Joe Turner’s Come and Gone
Apr. 24, 2013 - Jun. 9, 2013
In this historic drama by playwright August Wilson, The Great Migration brings a revolving band of strangers to Seth and Berta Holly’s Pittsburgh boarding house. They are migrating to the industrial North in search of work, a new life, somewhere to belong. Phylicia Rashad directs.
Llyn Foulkes
Feb. 3, 2013 - May. 19, 2013
The Hammer Museum presents this extensive retrospective devoted to the groundbreaking Los Angeles painter and musician. The exhibition includes 140 works by Foulkes (born in 1934) from collections around the world, arranged chronologically: early cartoons and drawings; his macabre, emotionally charged paintings of the early 1960s; the epic rock and landscape paintings of the late 1960s and early 1970s; his “bloody head” series of mutilated figures from the late 1970s through the present; and his social commentary paintings targeting corporate America (especially Disney).
Stanley Kubrick
Nov. 1, 2012 - Jun. 30, 2013
The Los Angeles County Museum of Art explores the intersection of art and film in its retrospective of filmmaker Stanley Kubrick’s extraordinary oeuvre. The comprehensive exhibition features everything from the Dr. Strangelove and 2001: A Space Odyssey producer/director’s early photos for Look magazine to film props to his unfinished works.

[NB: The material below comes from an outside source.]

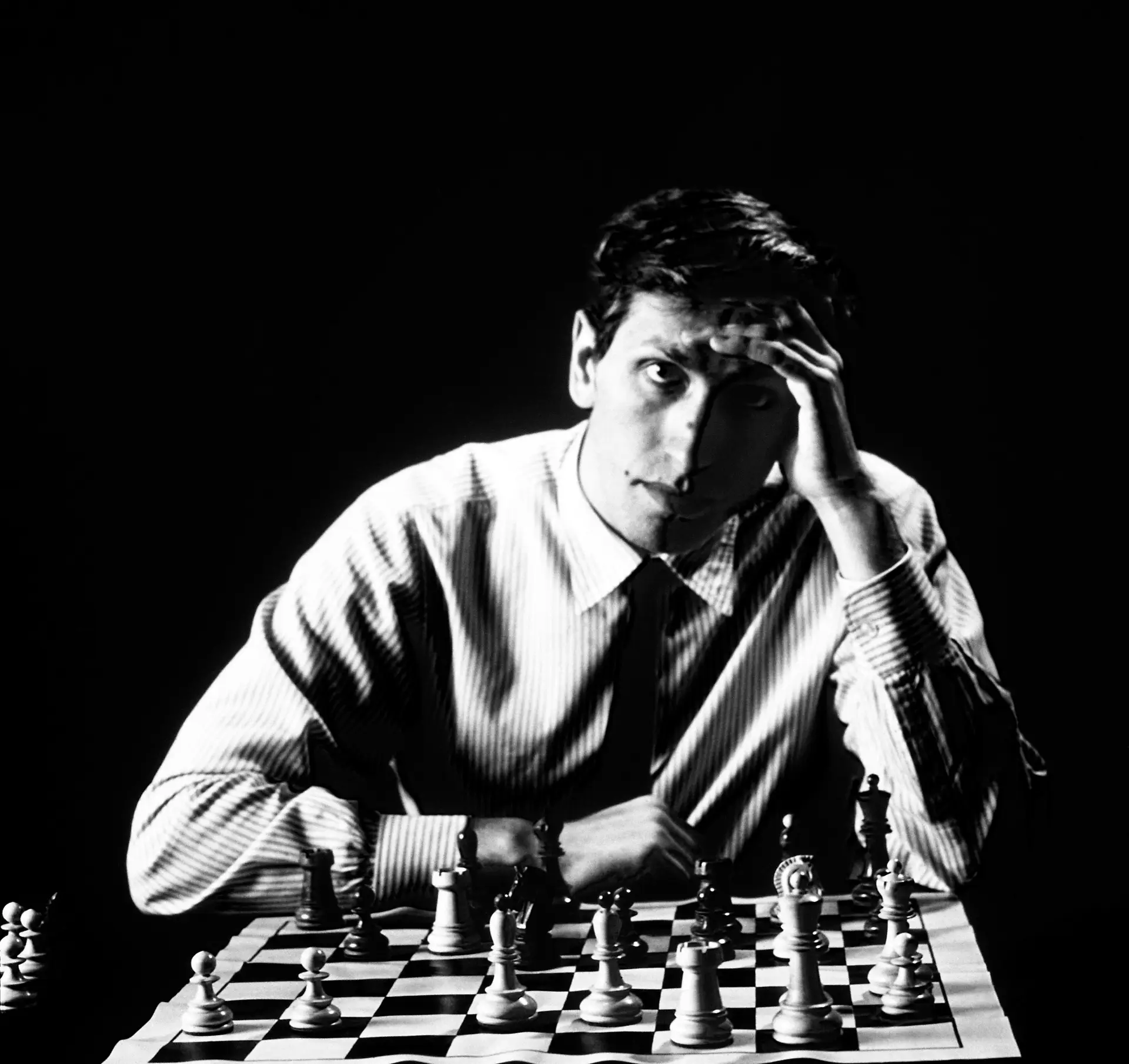 Um jogo de xadrez com um rei em pé na frente de um lance de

War/Photography: Images of Armed Conflict and Its Aftermath
Mar. 23, 2013 - Jun. 2, 2013
The Annenberg Space for Photography displays 150 images from 1887 to the present by portrait photographers, photojournalists, military photographers, amateurs and artists. Among them are Joe Rosenthal’s Old Glory Goes Up on Mount Suribachi, Iwo Jima, Alfred Eisenstaedt’s V-J Day, Times Square, New York, and Eddie Adams’ image of a Viet Cong prisoner being executed on the streets of Saigon; not all are suitable for all viewers.
When They Were Wild
Mar. 9, 2013 - Jun. 10, 2013
The Huntington Library, Art Collections, and Botanical Gardens in San Marino exhibits When They Were Wild: Recapturing California’s Wildflower Heritage on the diversity of California’s flora. Illustrations, herbarium collections, publications and ephemera are on display.